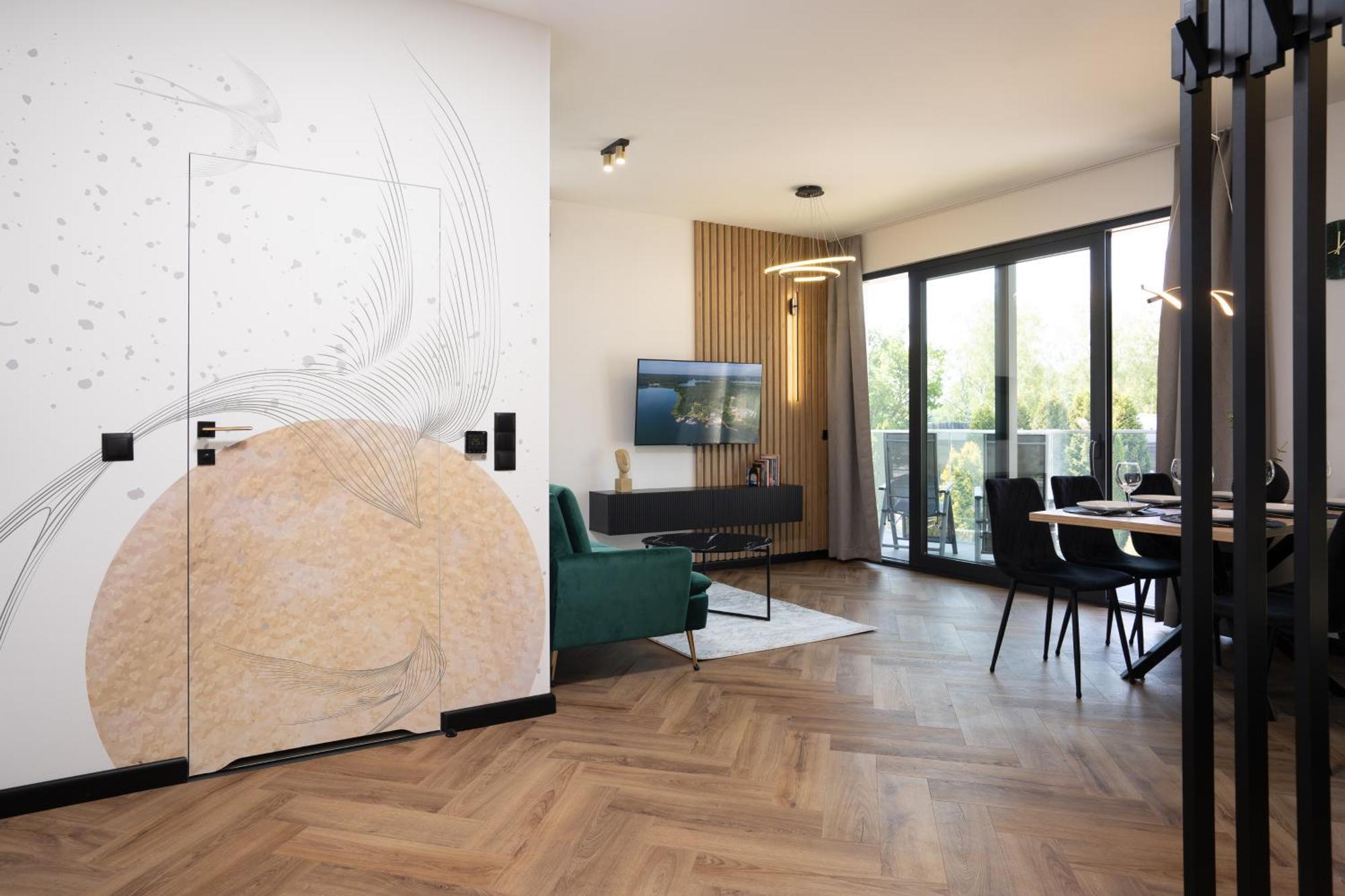 Olimpijska Premium By Rent4You Olštýn Exteriér fotografie
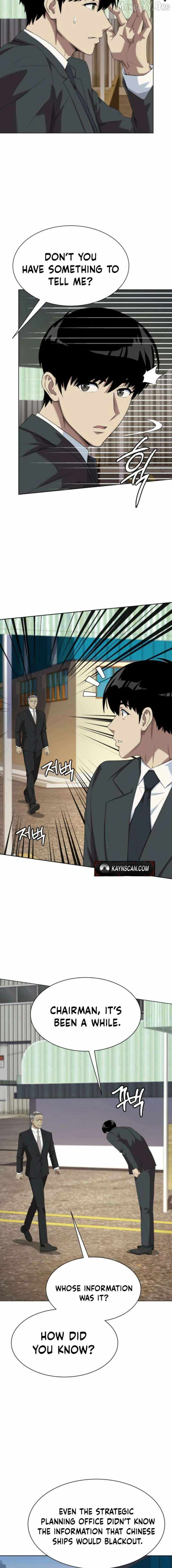 Read Becoming A Legendary Ace Employee Manga Online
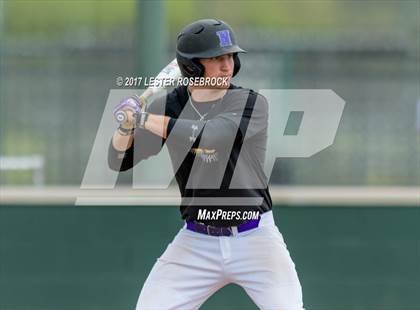 Thumbnail 3 in Sealy vs. Navarro (La Grange Baseball Tournament) photogallery.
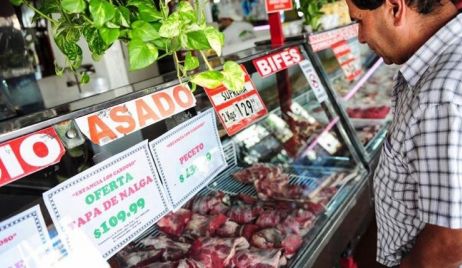 La inflación de junio fue del 3,1 por ciento, según el Indec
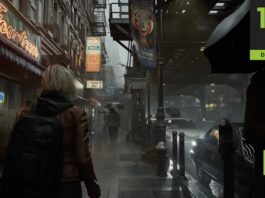 Resident Evil Requiem : la ville de Wrenwood révélée dans une vidéo Nvidia impressionnante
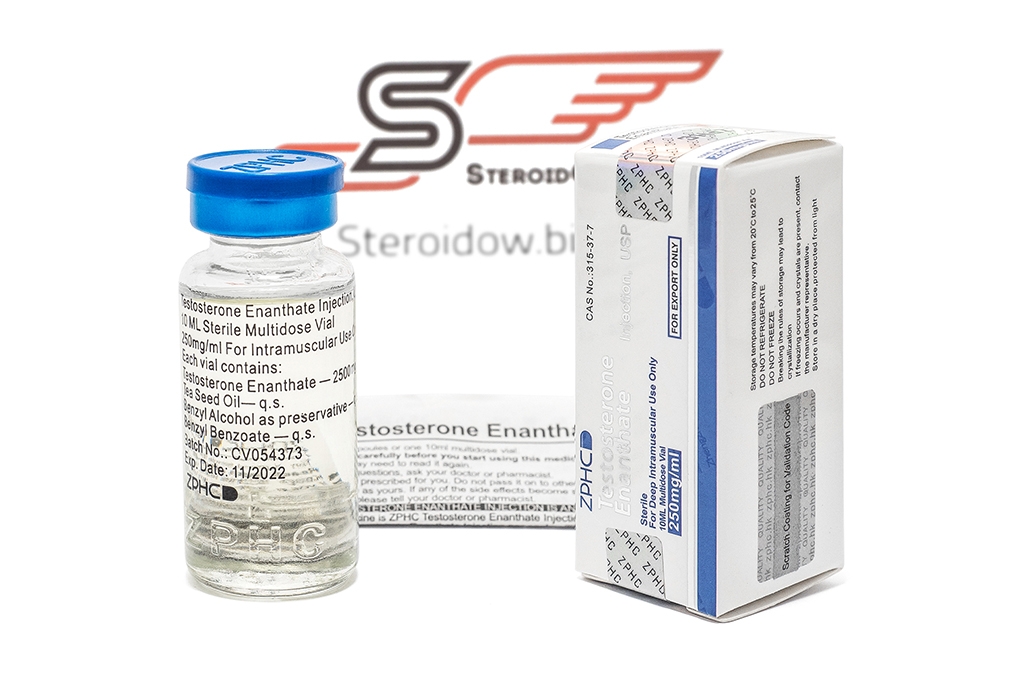 Testosterone Enanthate U.S.P. (10ml)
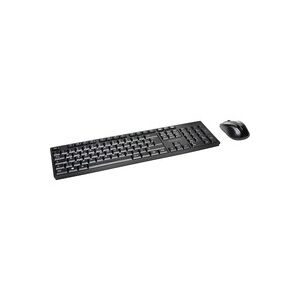 Kensington Pro Fit flaches kabelloses Desktop-Set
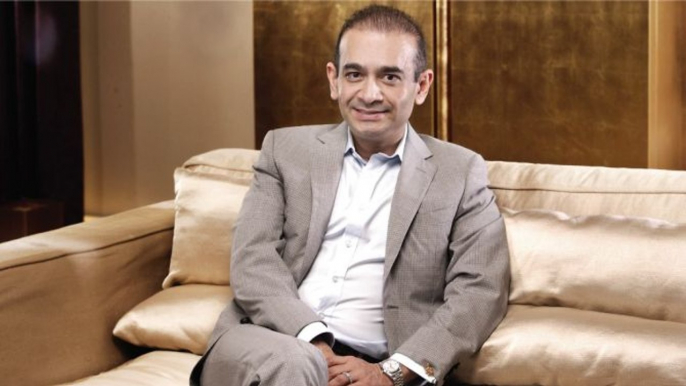 PNB scam: UK court rejects Nirav Modi’s new bail application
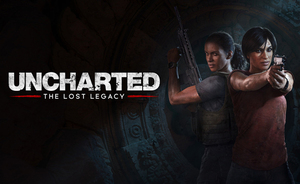 Uncharted: The Lost Legacy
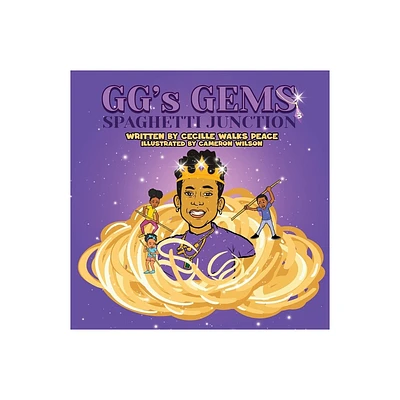 GGs Gems Spaghetti Junction - by Cecille Walks Peace (Paperback)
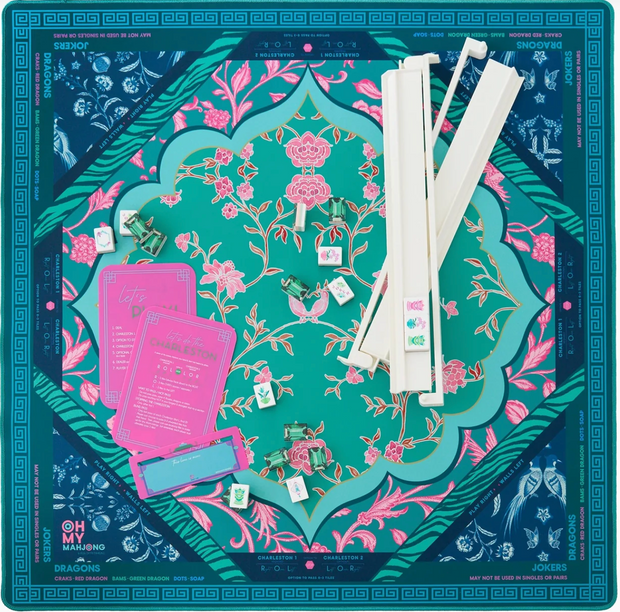 Oh My Mahjong - Esme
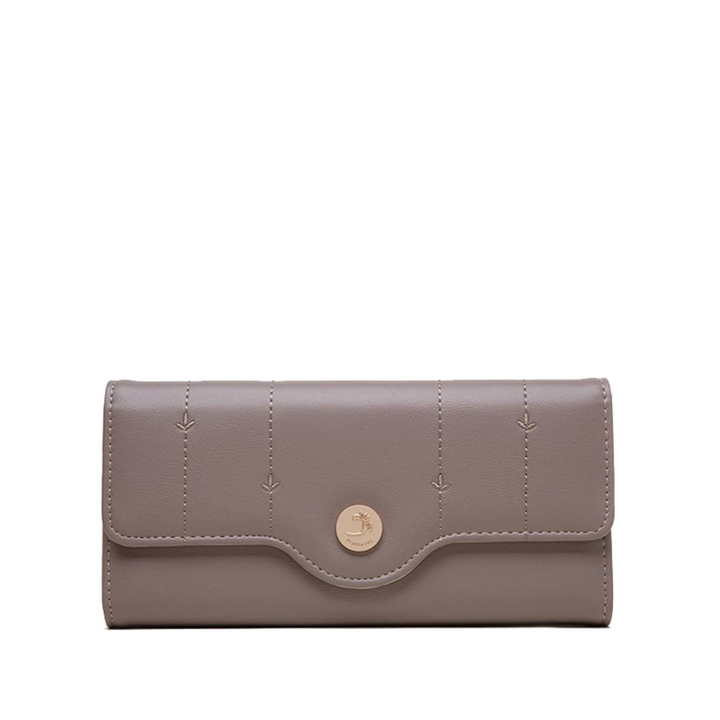 Ottilie – Elegant Trifold Wallet with Coin Pocket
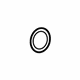GM 13358218 Intermed Shaft Seal, Front GM 13358218 Intermed Shaft Seal, Front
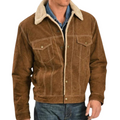 shearling-brown-suede-leather-jacket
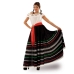 Kostume til voksne My Other Me Mexicansk dame (2 Dele)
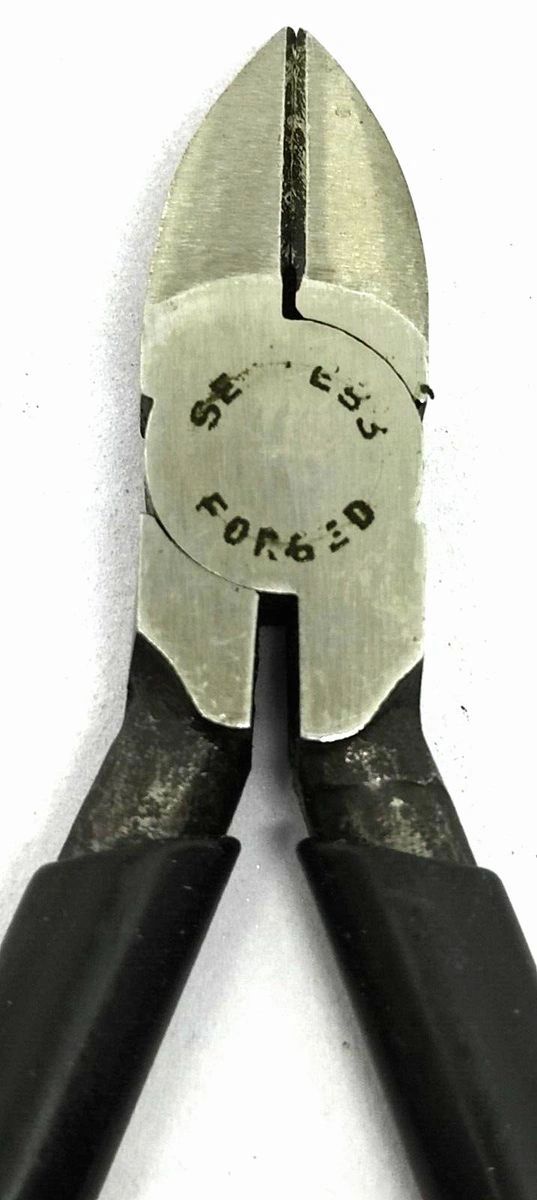 Diagonal Side Cutting Wire cutter 4.5 Inches Pliers Nippers Repair Tool
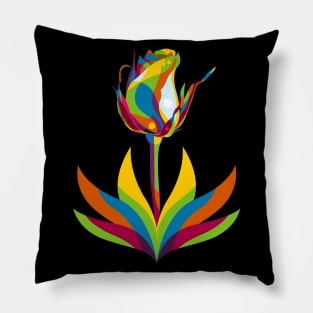 Tulip Pillow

────────────────

WHAT IS REQUIRED =
Starting with the line that contains "GGs Gems Spaghetti" and ending with the last line of the data above, transcribe exactly those lines and no others, without pictures.

SOLUTION TO THIS EXERCISE =
 GGs Gems Spaghetti Junction - by Cecille Walks Peace (Paperback)
 Oh My Mahjong - Esme
 Ottilie – Elegant Trifold Wallet with Coin Pocket
GM 13358218 Intermed Shaft Seal, Front GM 13358218 Intermed Shaft Seal, Front
 shearling-brown-suede-leather-jacket
 Kostume til voksne My Other Me Mexicansk dame (2 Dele)
 Diagonal Side Cutting Wire cutter 4.5 Inches Pliers Nippers Repair Tool
 Tulip Pillow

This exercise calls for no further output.